Exercise requirements
A verbatim copy of the data is wanted, minus any picture in it.

Data extract
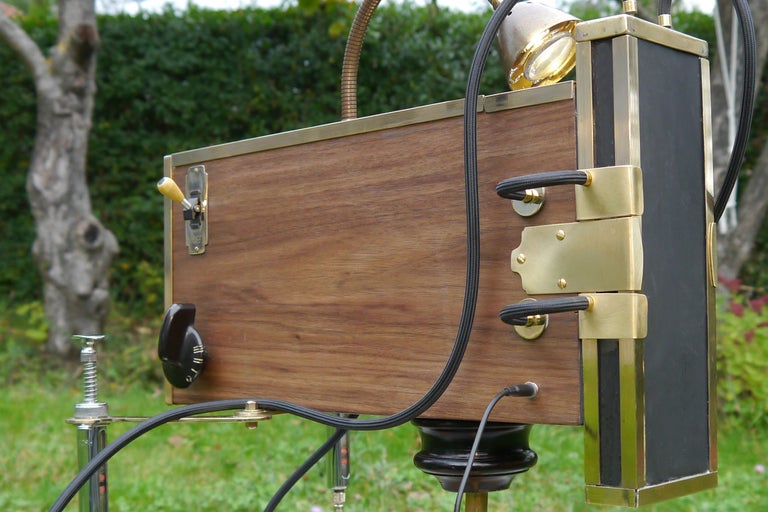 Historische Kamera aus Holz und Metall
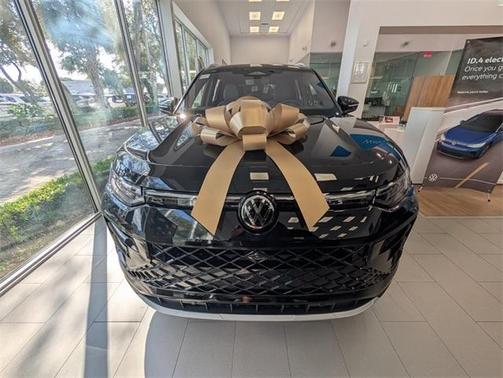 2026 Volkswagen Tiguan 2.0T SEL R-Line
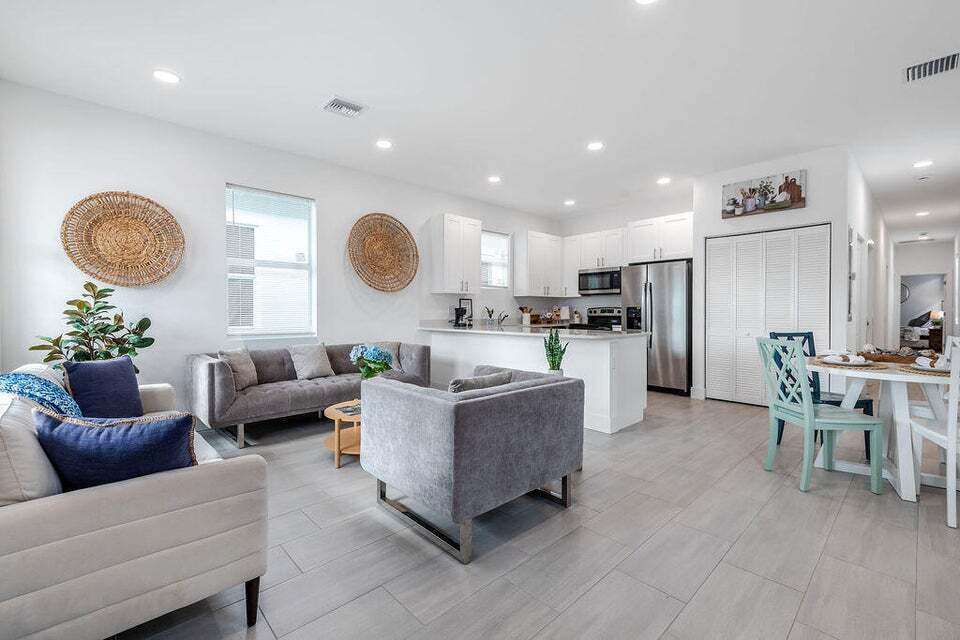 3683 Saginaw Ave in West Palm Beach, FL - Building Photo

Task result
 Historische Kamera aus Holz und Metall
 2026 Volkswagen Tiguan 2.0T SEL R-Line
 3683 Saginaw Ave in West Palm Beach, FL - Building Photo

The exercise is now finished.